A slab system establishes different tax rates for different income groups. It suggests that a taxpayer’s taxation rate will rise in proportion to his or her income. The old and new tax regimes are thoroughly explained in this article.

The assessee can utilise the deductions, exemptions, and allowances available under the previous taxation framework in order to properly prepare their taxes and reduce their tax burden. The current tax system is complicated. Regardless of the high taxation rates, there are a number of ways to reduce your tax liability. The government has given Indian taxpayers access to 70 exemptions and deductions that can help them lower the volume of taxable income and pay considerably less amount of tax. 

  1. Pros

    The old income taxation system gradually made people prone to saving. It promotes saving for future events such as marriage, school, home purchases, medical bills, and so on.

  2. Cons

    Just like everything else, the old taxation regime had some cons accompanying the many benefits. The existing level of consumption is a result of committed investment sums. Liquidity is harmed by the former tax system’s investment lock-in term. Maintaining records of claimed deductions is troublesome. In this system, there are funds that have the power to reduce the amount of taxation. Additionally, it isn’t advantageous to the ones paying the taxes, who have no or few tax-deductible transactions.

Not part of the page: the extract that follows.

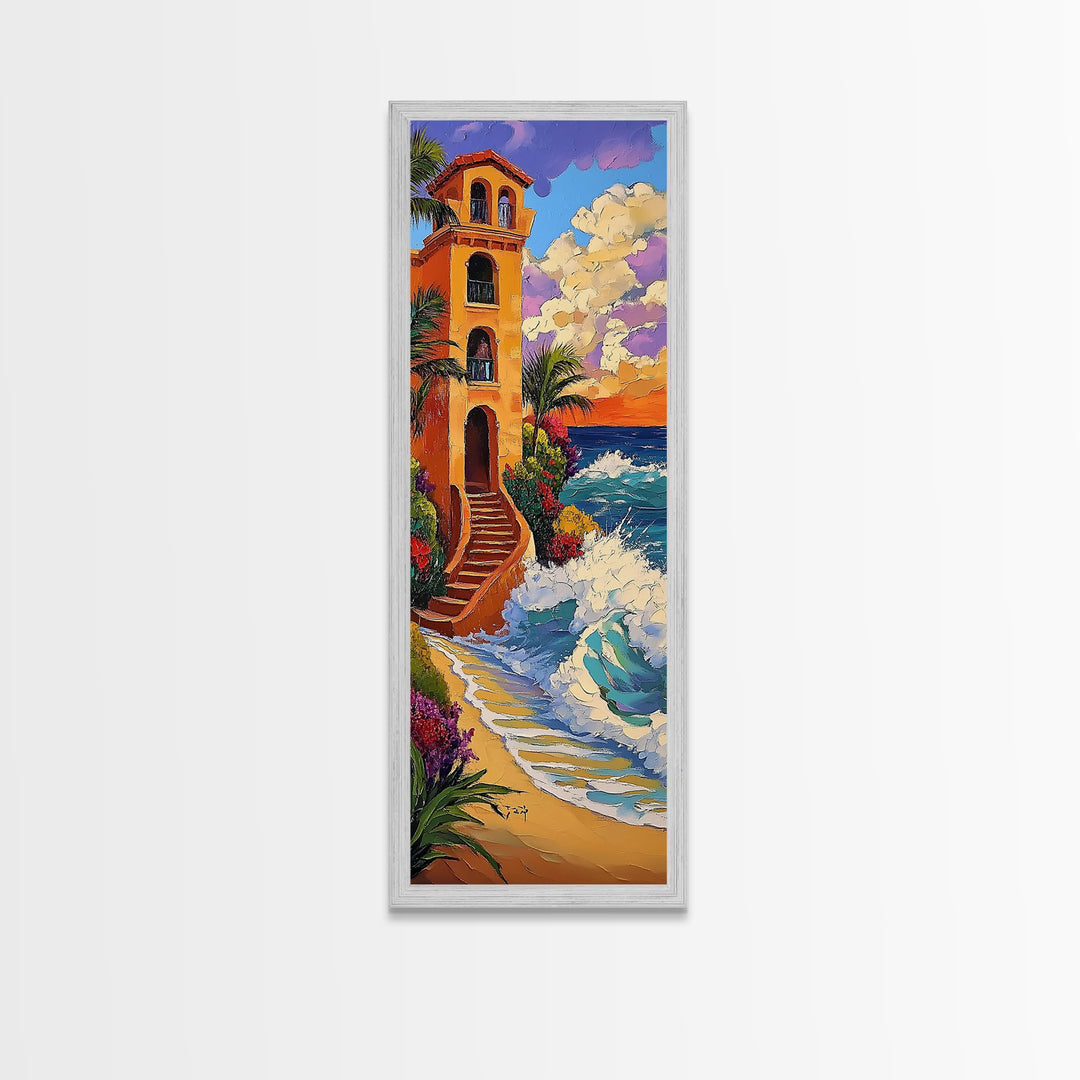 Coastal Villa, Sunset, Ocean Waves Framed Canvas Print, Mediterranean Style Wall Art, Colorful Beach Home Decor, Seaside Painting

New Tax Regime & its pros and cons

Six taxation slabs, each with a reduced rate for earnings ranging from Rs. 15 lakhs, make up the new tax system. The various income slabs and tax rates prevent the availability of multiple exemptions and deductions. The new tax system has advantages and disadvantages. The new tax plan is different than the previous one in two ways:

  1. Under the new structure, there are more tax bands with reduced rates starting around the Rs. 15 lakh tiers.
  2. All of the tax exemptions that taxpayers used under the previous regime won’t be available under the new one.

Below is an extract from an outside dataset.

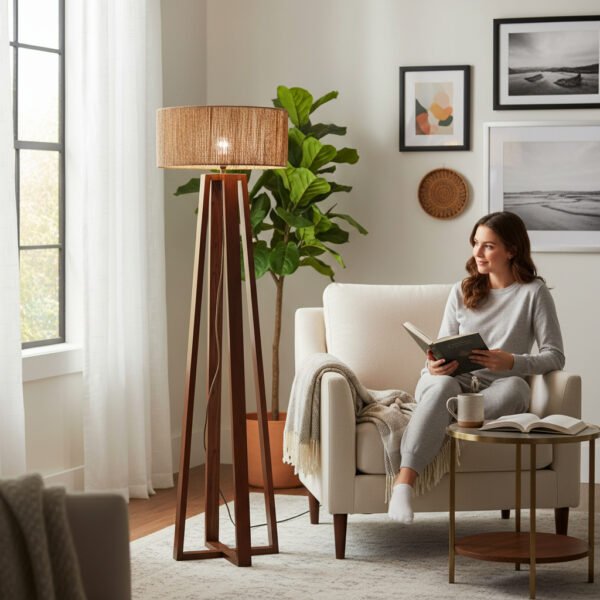 LAMPARA DE PIE MODELO NORDICA -  1,60 MTS  C/ARMAZON DIAMETRO 40 CM - MADERA + HILO YUTE NATURAL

The new tax system has advantages and disadvantages too. 

  1. Pros

    The following are some advantages of said new tax system:-

    • Under the new programme taxpayers are free to invest their funds with no restrictions in the new tax system.
    • The new tax system is still in progress and taxpayers can choose between the old and the new one depending on their needs and preferences. The government has not imposed any fines for not transitioning to the new tax regime. 
    • The taxpayer, which is in this case, you, would be put in the taxation bracket that closely matches your customised yearly income. 
  2. Cons

    The lack of exemptions throughout the new taxation system means that the estimated tax income will increase compared to the amount you received under the old tax system.


There are benefits and drawbacks to both the revised as well as old income tax slabs. The new tax structure is designed with new investors and people just starting their careers in mind as their income is still in its infancy. As a result, entering the earnings through both regimes to calculate the real tax due is the only method to establish which tax system is preferable for you.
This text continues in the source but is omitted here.